Notre activité d’agence est assez nouvelle. Sur ce marché, nous sommes le dernier entrant. Nous y allons prudemment, mais j’ai une idée très précise de ce que je veux faire de l’agence. Je dévoilerai nos objectifs en temps voulu. Je dois d’abord organiser la structure. Mes amis parisiens me disent souvent que l’on retrouve vraiment la patte Maison Moderne dans tout ce que nous produisons, il y a une marque de fabrique hyper qualitative, hyper créative… Cela m’a beaucoup interpellé. Il faut partir de cet élément différenciant. Nous n’allons peut-être pas faire du volume, mais nous allons créer de la valeur autrement, en misant sur la différenciation. 

Vous avez dit à votre arrivée que votre objectif premier était de "sécuriser" la marque Paperjam.

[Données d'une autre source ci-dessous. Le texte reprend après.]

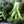 Waltham 29 Broccoli Seeds For Planting (Brassica oleracea)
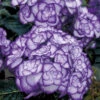 Freiland-Hortensie 'Miss Saori Blue®'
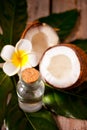 Natural coconut walnut oil with coconut and flower nearby Royalty Free Stock Photo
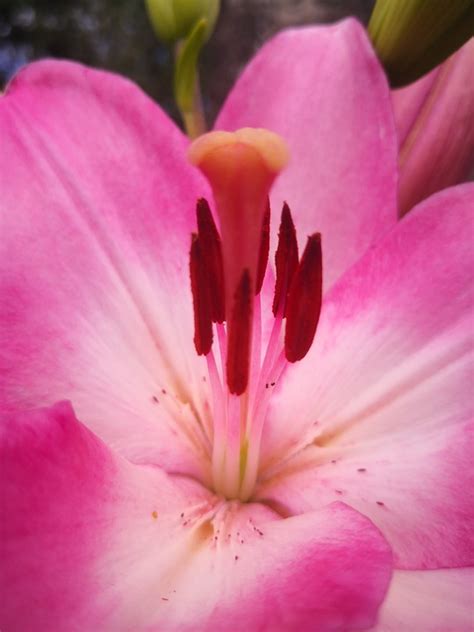 Stamen Pistil Petals - Free photo on Pixabay - Pixabay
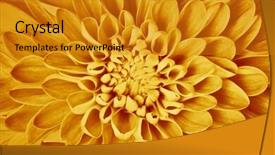  Presentation with floral - Slide set with dahlia flower petals pattern close-up floral orange background background and a gold colored foreground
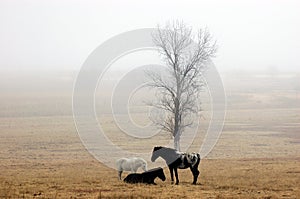 Horses in a misty field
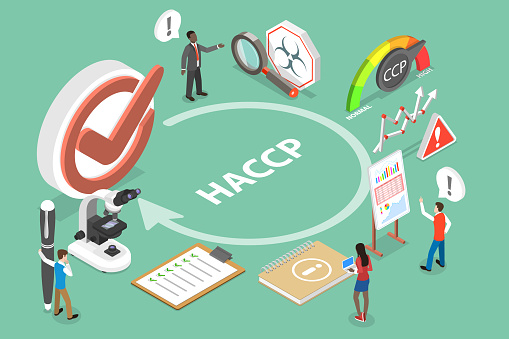 3D Isometric Flat Vector Conceptual Illustration of Hazard Analysis and Critical Control Points, HACCP Steps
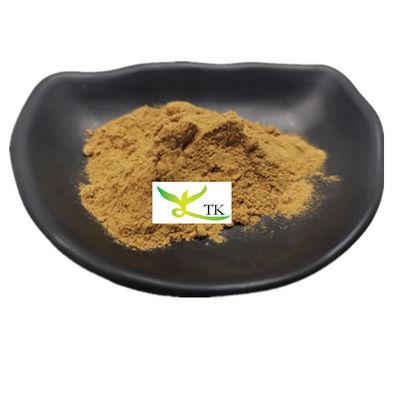 100% สารสกัดจากเห็ดหญ้าแซ่บธรรมชาติ ขนาดผง โพลิสาคาริด Phellinus Igniarius Extract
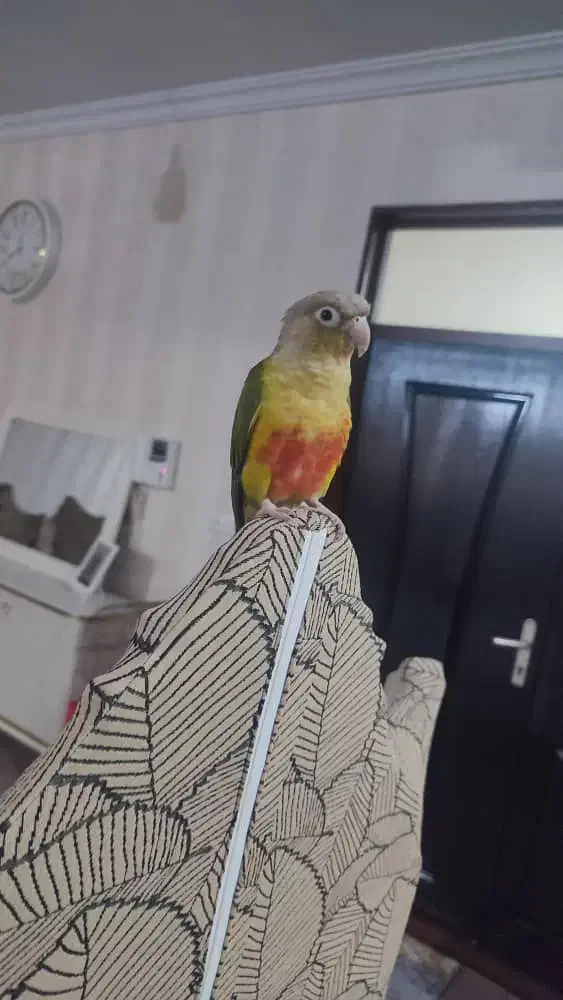 طوطی گرینجیک اهلی|پرنده|ارومیه, |دیوار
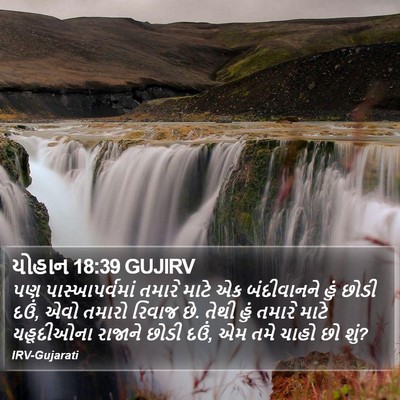 યોહાન 18:39 GUJIRV Bible Verse Image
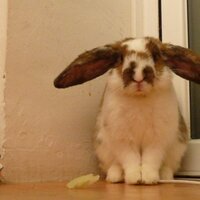 Guisela (@guisi) 's Twitter Profile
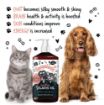Picture of Bugalugs Scottish Salmon Oil 500ml x 1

A-t-elle besoin de l’être ?

Je l’ai dit, en effet. C’est une phrase qui peut être interprétée négativement et pousser les gens à se demander si la marque est en danger. La réponse est non, elle n’est pas en danger.  J’ai peut-être été trop marqué au fer rouge. En école de commerce, on vous dit qu’une marque forte ne meurt jamais. Et puis lorsque vous arrivez dans la vraie vie, vous comprenez que vos profs avaient tort.

Mon dernier poste, c’était Libération. Comme marque forte, il n’y a pas mieux et pourtant, elle a failli disparaître à plusieurs reprises. Une marque ne peut pas se permettre de jouer indéfiniment avec le feu. C’est ma hantise. Je suis un enfant de la décroissance et j’ai vu des marques très fortes devenir très faibles, comme rongées par un cancer… La sécurisation passe par une remise en cause de toutes les certitudes. Mais pour répondre d’un mot à votre question, la marque Paperjam n’est pas menacée. Du tout.

Vous êtes angoissé ?

Je peux avoir des moments d’angoisse terribles, cela ne dure jamais longtemps, je rééquilibre rapidement. Mais je suis toujours sur mes gardes.